Lo bueno de Vidal es que ha sabido conservar un grupo de amigos con el cual pasa sus mejores horas, conversando por las tarden en la plaza Las Heras y jugando a las cartas por las noches en algún bar porteño o en la casa de alguno de “los muchachos”, como ellos se llaman a sí mismos.
Un buen día esa rutina se ve interrumpida por un acontecimiento brutal: al diariero del barrio una banda de jóvenes lo mata a patadas y palazos ante la indiferencia de los restantes transeúntes. Es allí cuando Vidal y el resto de los “muchachos” se dan cuenta de golpe de algo que hasta entonces sólo sabían vagamente por los diarios: de que en el país había una guerra de los jóvenes contra los viejos, considerados estos últimos “cerdos” o, para usar el término rioplatense, “chanchos”. Los jóvenes argentinos se organizan, se arman y atacan sorpresivamente a los viejos movidos por el odio, por el deseo de exterminar a esos seres egoístas, materialistas, sucios, glotones, apestosos –cerdos, en una palabra– que son, según la ideología reinante, los viejos.
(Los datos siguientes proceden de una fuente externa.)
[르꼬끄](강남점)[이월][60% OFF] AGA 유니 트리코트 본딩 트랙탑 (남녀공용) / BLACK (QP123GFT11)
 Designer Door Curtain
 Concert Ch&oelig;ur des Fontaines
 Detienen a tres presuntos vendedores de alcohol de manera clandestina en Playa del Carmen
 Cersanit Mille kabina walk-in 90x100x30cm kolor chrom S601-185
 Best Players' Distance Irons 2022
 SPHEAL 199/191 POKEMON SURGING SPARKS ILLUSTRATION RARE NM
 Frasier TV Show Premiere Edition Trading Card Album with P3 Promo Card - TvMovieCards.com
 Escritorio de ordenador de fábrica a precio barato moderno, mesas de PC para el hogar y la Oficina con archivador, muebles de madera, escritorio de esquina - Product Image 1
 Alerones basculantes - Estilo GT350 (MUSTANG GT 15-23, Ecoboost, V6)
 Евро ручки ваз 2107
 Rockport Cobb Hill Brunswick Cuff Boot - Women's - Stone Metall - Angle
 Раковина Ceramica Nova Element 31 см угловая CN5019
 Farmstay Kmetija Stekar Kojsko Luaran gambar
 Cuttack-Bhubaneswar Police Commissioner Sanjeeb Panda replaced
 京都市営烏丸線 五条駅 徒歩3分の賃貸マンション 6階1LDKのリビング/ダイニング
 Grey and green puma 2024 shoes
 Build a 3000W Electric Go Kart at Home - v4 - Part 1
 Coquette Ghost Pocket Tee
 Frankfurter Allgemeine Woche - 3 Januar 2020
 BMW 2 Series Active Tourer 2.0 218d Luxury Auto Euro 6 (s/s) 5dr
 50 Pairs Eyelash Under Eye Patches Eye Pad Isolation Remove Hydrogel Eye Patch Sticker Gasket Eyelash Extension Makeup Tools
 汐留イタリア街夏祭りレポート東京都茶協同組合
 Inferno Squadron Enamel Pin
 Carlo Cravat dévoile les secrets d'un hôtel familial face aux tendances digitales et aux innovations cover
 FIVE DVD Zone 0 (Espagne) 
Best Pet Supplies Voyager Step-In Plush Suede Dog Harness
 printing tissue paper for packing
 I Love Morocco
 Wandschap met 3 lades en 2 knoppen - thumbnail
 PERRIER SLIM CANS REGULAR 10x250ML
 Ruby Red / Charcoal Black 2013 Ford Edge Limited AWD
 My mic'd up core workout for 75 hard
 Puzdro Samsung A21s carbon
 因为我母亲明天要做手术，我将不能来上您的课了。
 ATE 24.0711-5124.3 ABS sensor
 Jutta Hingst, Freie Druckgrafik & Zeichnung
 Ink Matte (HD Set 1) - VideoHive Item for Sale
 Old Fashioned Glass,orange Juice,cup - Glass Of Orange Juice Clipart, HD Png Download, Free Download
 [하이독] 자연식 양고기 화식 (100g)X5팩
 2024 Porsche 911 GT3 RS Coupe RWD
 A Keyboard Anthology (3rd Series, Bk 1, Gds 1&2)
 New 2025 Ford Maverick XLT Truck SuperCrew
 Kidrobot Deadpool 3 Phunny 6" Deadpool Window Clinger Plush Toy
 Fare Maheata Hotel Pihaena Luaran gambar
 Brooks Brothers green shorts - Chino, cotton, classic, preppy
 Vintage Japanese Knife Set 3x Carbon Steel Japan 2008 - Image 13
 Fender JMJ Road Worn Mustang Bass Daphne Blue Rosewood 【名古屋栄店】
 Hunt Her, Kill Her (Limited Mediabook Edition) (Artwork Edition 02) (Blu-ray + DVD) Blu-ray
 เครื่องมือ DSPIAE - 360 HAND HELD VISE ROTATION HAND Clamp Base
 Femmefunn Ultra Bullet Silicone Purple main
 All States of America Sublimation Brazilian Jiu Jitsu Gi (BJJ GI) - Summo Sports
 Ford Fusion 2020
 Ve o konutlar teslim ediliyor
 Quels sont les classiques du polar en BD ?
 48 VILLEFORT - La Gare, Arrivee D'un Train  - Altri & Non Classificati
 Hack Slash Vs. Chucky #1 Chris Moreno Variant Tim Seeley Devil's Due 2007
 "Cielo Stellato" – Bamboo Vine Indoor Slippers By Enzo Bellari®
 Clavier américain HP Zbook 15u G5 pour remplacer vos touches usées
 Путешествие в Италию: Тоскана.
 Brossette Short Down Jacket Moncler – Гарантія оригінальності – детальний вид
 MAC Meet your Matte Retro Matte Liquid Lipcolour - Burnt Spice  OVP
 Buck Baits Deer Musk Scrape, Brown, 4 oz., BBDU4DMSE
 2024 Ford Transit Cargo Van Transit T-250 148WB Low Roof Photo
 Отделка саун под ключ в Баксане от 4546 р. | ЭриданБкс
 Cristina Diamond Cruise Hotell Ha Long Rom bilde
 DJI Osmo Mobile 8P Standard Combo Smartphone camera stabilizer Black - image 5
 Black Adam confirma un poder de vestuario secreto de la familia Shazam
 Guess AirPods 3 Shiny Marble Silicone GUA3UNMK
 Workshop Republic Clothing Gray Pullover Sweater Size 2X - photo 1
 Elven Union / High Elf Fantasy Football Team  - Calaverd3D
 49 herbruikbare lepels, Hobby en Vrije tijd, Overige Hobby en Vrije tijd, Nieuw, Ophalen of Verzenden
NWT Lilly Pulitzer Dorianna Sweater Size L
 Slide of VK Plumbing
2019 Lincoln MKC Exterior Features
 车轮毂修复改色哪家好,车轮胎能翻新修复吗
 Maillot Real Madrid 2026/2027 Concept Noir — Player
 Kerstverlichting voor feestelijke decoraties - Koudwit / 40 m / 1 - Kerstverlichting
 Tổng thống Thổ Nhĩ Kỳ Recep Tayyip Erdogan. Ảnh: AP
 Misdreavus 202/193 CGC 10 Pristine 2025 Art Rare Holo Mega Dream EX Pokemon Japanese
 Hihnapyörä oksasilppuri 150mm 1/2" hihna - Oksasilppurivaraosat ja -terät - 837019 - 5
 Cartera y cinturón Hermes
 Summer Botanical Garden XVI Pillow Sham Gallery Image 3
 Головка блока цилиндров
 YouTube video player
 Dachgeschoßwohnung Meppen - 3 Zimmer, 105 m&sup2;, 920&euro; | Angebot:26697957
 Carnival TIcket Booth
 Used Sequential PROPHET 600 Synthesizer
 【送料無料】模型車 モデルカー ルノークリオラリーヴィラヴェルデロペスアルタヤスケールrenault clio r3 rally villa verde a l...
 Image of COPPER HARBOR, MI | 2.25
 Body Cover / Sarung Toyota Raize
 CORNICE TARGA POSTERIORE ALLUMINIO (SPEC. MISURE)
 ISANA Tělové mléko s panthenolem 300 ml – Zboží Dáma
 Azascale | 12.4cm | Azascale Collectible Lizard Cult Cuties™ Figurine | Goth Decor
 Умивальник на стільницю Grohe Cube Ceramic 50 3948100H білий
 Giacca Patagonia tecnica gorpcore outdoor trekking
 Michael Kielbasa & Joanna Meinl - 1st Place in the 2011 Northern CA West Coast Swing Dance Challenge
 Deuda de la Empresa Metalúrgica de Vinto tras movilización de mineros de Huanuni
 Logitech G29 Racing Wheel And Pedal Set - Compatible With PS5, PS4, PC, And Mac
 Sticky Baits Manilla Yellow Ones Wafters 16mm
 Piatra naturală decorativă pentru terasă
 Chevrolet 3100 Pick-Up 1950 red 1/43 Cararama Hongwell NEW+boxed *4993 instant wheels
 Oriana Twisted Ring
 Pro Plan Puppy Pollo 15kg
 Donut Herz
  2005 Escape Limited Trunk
La “guerra del cerdo” no sólo es desproporcionada (los jóvenes, fuertes, indoctrinados y aguerridos, atacan brutalmente a los viejos, que se encuentran desprotegidos, desorganizados y debilitados), sino que es una contienda absolutamente irracional, ya que está claro que también esos jóvenes, antes o después, se volverán viejos… con lo cual están promoviendo una causa que va contra el propio interés, vistas las cosas a largo plazo. Pero, como bien sabe Bioy, ¿qué guerra no es, en el fondo, inútil e irracional?
Para mí, acá están los elementos centrales de la novela. Por un lado, la observación atenta de Vidal (el alter ego de Bioy) de lo que implica volverse viejo. La novela, de la primera a la última página, está llena de observaciones sagaces sobre el envejecimiento. Por otro lado, el que haya una guerra civil velada, encubierta, que cuenta con la complicidad de todos los jóvenes, incluso del hijo de Vidal, da lugar a una trama genial. ¡Cómo cualquier cosa, religión, política, economía, puede dar lugar a la organización de la sociedad en bandos opuestos y ser motivo de un odio visceral que lleva a que unos busquen eliminar completamente a otros! Este mecanismo antropológico es el que resalta Bioy mediante una parodia, ya que ahora es la edad lo que dispara la dinámica belicosa.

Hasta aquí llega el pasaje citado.